Ladybird spiders were once feared to be extinct in the UK but recently numbers have been rising.

On Thursday, a new colony is being moved to a species-rich heathland reserve.

Conservationists have found that the best way to transfer them to their new home is to make temporary burrows for the spiders out of empty water bottles.

Ladybird spider in empty water bottle (Image: Ian Hughes) The plastic bottles make ideal temporary nests for the spiders

Ladybird spiders get their name from the bright red and black markings of the mature males. They are extremely rare and are also elusive, spending most of their lives underground.

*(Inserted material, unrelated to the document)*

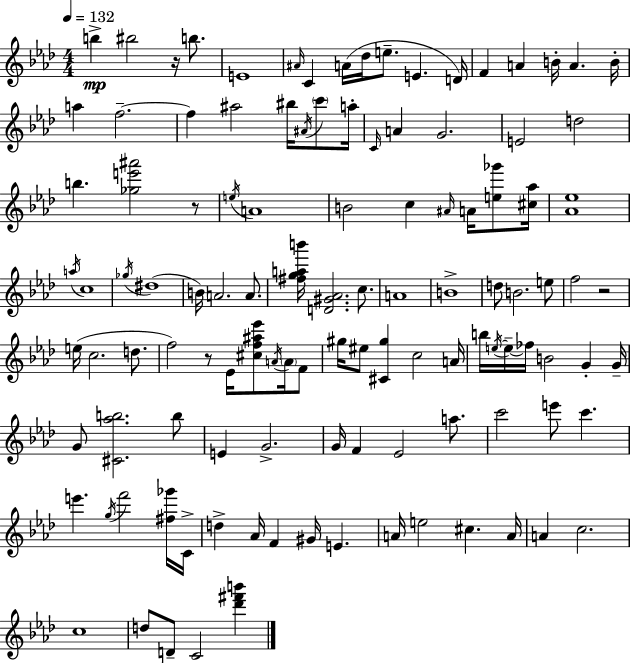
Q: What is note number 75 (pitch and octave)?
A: F4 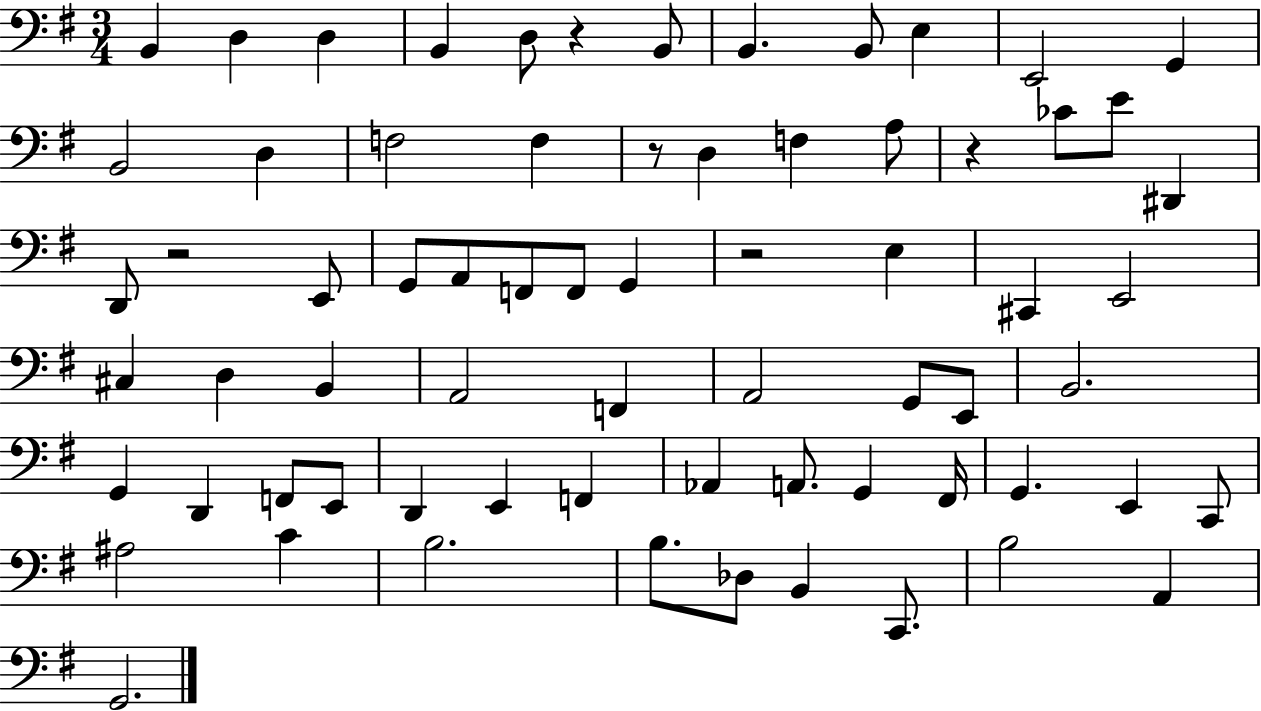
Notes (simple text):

According to the RSPB, in 1994 there was just one remaining colony in the UK. A web count in that colony found that only 56 individual spiders were left.

But over the past few years, conservation efforts have seen numbers increasing to more than 1,000. This has involved captive breeding, reintroduction and habitat restoration.

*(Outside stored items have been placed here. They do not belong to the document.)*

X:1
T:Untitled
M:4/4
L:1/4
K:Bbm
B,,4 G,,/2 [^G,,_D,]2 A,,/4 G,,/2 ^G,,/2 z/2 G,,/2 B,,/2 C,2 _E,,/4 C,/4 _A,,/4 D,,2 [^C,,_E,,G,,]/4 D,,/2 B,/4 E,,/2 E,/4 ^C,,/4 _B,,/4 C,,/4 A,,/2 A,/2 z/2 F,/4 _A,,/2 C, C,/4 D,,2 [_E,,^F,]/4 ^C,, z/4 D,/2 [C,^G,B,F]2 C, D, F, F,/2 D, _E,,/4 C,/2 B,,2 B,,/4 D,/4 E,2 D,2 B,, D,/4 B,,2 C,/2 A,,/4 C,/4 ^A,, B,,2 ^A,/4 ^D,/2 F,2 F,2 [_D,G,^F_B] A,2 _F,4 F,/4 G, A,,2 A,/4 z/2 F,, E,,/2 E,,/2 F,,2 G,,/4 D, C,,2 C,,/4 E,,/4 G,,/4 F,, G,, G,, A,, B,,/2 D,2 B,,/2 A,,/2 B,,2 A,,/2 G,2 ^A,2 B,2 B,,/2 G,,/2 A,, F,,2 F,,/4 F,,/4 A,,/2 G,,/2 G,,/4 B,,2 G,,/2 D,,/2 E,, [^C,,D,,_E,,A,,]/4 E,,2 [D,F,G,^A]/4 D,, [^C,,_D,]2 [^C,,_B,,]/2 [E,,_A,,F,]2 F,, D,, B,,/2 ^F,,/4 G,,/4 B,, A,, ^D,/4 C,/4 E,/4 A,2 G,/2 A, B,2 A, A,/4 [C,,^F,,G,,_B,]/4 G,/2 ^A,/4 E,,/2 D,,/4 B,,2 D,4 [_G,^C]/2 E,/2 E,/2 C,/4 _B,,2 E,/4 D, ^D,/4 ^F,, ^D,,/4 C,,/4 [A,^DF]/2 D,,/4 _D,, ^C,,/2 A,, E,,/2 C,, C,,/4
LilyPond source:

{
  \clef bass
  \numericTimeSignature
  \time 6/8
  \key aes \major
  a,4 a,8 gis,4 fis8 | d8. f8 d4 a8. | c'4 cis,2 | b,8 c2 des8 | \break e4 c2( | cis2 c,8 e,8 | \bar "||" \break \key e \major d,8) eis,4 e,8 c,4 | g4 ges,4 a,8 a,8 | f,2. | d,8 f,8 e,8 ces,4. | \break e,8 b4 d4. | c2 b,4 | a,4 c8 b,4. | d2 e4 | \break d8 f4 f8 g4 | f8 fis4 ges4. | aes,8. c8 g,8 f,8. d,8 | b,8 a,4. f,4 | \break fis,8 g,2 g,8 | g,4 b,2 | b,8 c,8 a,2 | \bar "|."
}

Even so, the spiders are still only found at a few sites in Dorset. And on Thursday, about 30 are being released at the RSPB's Arne reserve in the county.

The reserve is already home to 240 species of spider.

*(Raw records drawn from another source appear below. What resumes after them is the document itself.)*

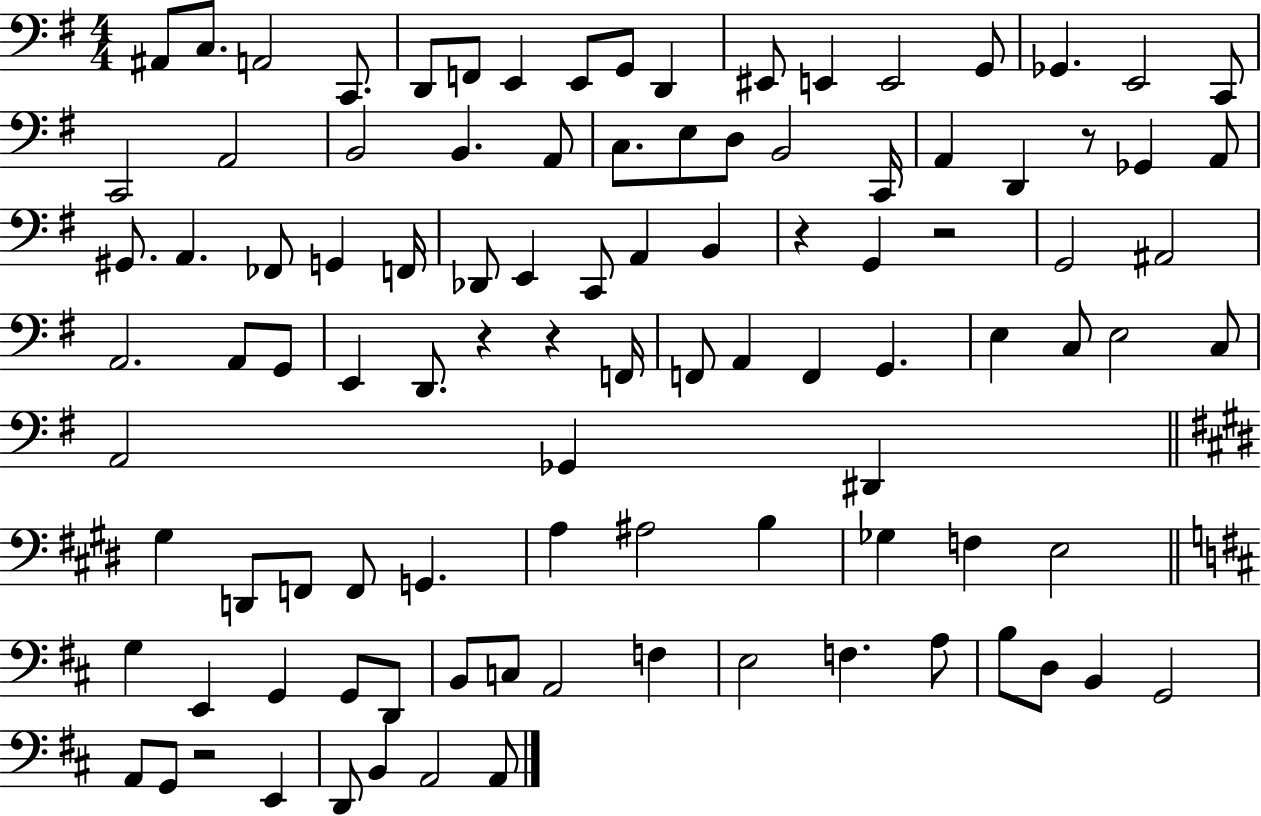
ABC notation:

X:1
T:Untitled
M:4/4
L:1/4
K:G
^A,,/2 C,/2 A,,2 C,,/2 D,,/2 F,,/2 E,, E,,/2 G,,/2 D,, ^E,,/2 E,, E,,2 G,,/2 _G,, E,,2 C,,/2 C,,2 A,,2 B,,2 B,, A,,/2 C,/2 E,/2 D,/2 B,,2 C,,/4 A,, D,, z/2 _G,, A,,/2 ^G,,/2 A,, _F,,/2 G,, F,,/4 _D,,/2 E,, C,,/2 A,, B,, z G,, z2 G,,2 ^A,,2 A,,2 A,,/2 G,,/2 E,, D,,/2 z z F,,/4 F,,/2 A,, F,, G,, E, C,/2 E,2 C,/2 A,,2 _G,, ^D,, ^G, D,,/2 F,,/2 F,,/2 G,, A, ^A,2 B, _G, F, E,2 G, E,, G,, G,,/2 D,,/2 B,,/2 C,/2 A,,2 F, E,2 F, A,/2 B,/2 D,/2 B,, G,,2 A,,/2 G,,/2 z2 E,, D,,/2 B,, A,,2 A,,/2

RSPB Arne warden Toby Branston said: "To be introducing such a rare new species here is very exciting, and I hope we can help spread it further."

The spiders were captured at another location and put into empty mineral water bottles that were filled with heather and moss. Researchers say the bottles are an ideal shape and size for the spiders to make their nests.

The team of conservationists will dig holes for the bottles at the reserve. It is hoped that the spiders will colonise the surrounding heathland.